Codebehind="Default.aspx.vb" Inherits="Parent._Default" trace="True"%>
<!DOCTYPE HTML PUBLIC "-//W3C//DTD HTML 4.0 Transitional//EN">
<HTML>
<HEAD>
<title>Default Page</title>
<meta name="GENERATOR" content="Microsoft Visual Studio .NET 7.1">
<meta name="CODE_LANGUAGE" content="Visual Basic .NET 7.1">
<meta name="vs_defaultClientScript" content="JavaScript">
<meta name="vs_targetSchema"
content="http://schemas.microsoft.com/intellisense/ie5">
</HEAD>
<body>
<form id="Form1" method="post" runat="server">
This is the default page.
</form>
</body>
</HTML>


And now the content of /Parent/Login.aspx:


<%@ Page Language="vb" AutoEventWireup="false"
Codebehind="Login.aspx.vb" Inherits="Parent.Login" trace="True"%>
<!DOCTYPE HTML PUBLIC "-//W3C//DTD HTML 4.0 Transitional//EN">
<HTML>
<HEAD>
<title>Login Page</title>
<meta name="GENERATOR" content="Microsoft Visual Studio .NET 7.1">
<meta name="CODE_LANGUAGE" content="Visual Basic .NET 7.1">
<meta name="vs_defaultClientScript" content="JavaScript">
<meta name="vs_targetSchema"
content="http://schemas.microsoft.com/intellisense/ie5">
</HEAD>
<body>
<form id="Form1" method="post" runat="server">
<asp:TextBox id="txtUser" runat="server">Username</asp:TextBox>
<asp:TextBox id="txtPassword" runat="server">Password</asp:TextBox>
<asp:Button id="btnSubmit" runat="server"
Text="Submit"></asp:Button>
</form>
</body>
</HTML>


And now the code for /Parent/Login.aspx.vb:


Imports System.Web.Security

Public Class Login
Inherits System.Web.UI.Page

#Region " Web Form Designer Generated Code "

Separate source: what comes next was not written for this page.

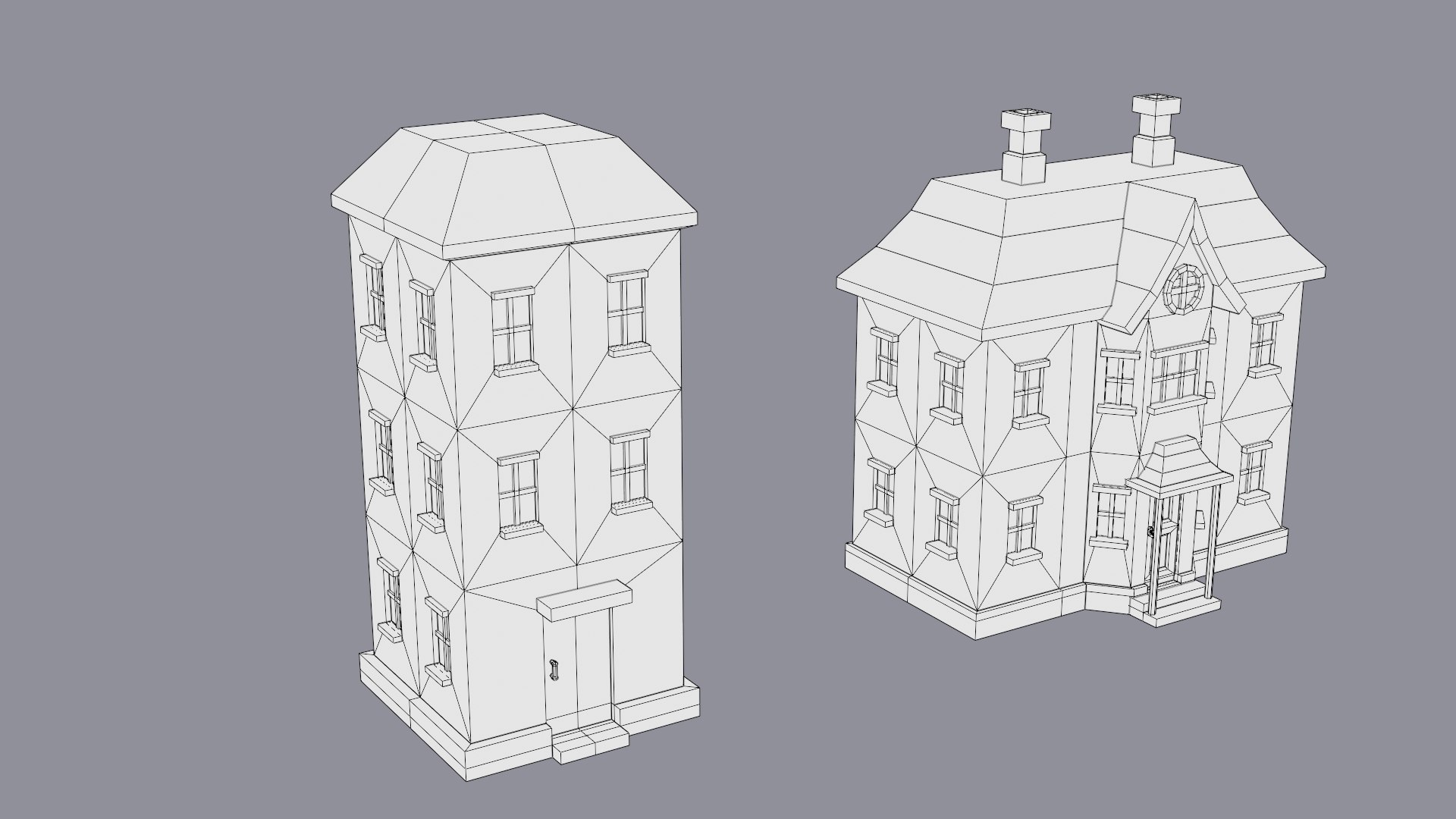 3D 30 Low-Poly Urban Buildings Collection https://p.turbosquid.com/ts-thumb/Cf/aOUKoR/Wu/6houses2/png/1749622223/1920x1080/fit_q87/5a88cee83dcba90a5c757ab3d5954d932ea51280/6houses2.jpg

'This call is required by the Web Form Designer.
<System.Diagnostics.DebuggerStepThrough()> Private Sub
InitializeComponent()

End Sub
Protected WithEvents txtUser As System.Web.UI.WebControls.TextBox
Protected WithEvents txtPassword As
System.Web.UI.WebControls.TextBox
Protected WithEvents btnSubmit As System.Web.UI.WebControls.Button

'NOTE: The following placeholder declaration is required by the
Web Form Designer.
'Do not delete or move it.
Private designerPlaceholderDeclaration As System.Object

Private Sub Page_Init(ByVal sender As System.Object, ByVal e As
System.EventArgs) Handles MyBase.Init
'CODEGEN: This method call is required by the Web Form
Designer
'Do not modify it using the code editor.
InitializeComponent()
End Sub

#End Region

Private Sub btnSubmit_Click(ByVal sender As System.Object, _
ByVal e As System.EventArgs) Handles btnSubmit.Click

FormsAuthentication.RedirectFromLoginPage(txtUser.Text, False)

End Sub

End Class



And now finally /Parent/Child/Default.aspx:

<%@ Page Language="vb" AutoEventWireup="false"
Codebehind="WebForm1.aspx.vb" Inherits="Child._Default" trace="True"%>
<!DOCTYPE HTML PUBLIC "-//W3C//DTD HTML 4.0 Transitional//EN">
<HTML>
<HEAD>
<title>WebForm1</title>
<meta name="GENERATOR" content="Microsoft Visual Studio .NET 7.1">
<meta name="CODE_LANGUAGE" content="Visual Basic .NET 7.1">
<meta name="vs_defaultClientScript" content="JavaScript">
<meta name="vs_targetSchema"
content="http://schemas.microsoft.com/intellisense/ie5">
</HEAD>
<body>
<form id="Form1" method="post" runat="server">
This is the default child page.
</form>
</body>
</HTML>


So to re-iterate, only Login.aspx has any code-behind functionality.
Now that all that's all clear, here's what happens. When I access
/Parent/Default.aspx, I am redirected to
http://localhost/Parent/Login.aspx?ReturnUrl=/Parent/Default.aspx,
which is what I expected would happen. I click btnSubmit and a cookie
is set (.ASPXAUTH) and I'm redirected to /Parent/Default.aspx, also as
expected. Now the problem: when I access /Parent/Child/Default.aspx,
I'm redirected back to
http://localhost/Parent/Login.aspx?ReturnUrl=/Parent/Child/Default.aspx
and prompted for the login again. That's unexpected. I expect that
once I login to /Parent/Login.aspx I should be able to access
/Parent/Child/Default.aspx. But even when I re-login to
/Parent/Login.aspx, the redirect still brings me back to
http://localhost/Parent/Login.aspx?ReturnUrl=/Parent/Child/Default.aspx.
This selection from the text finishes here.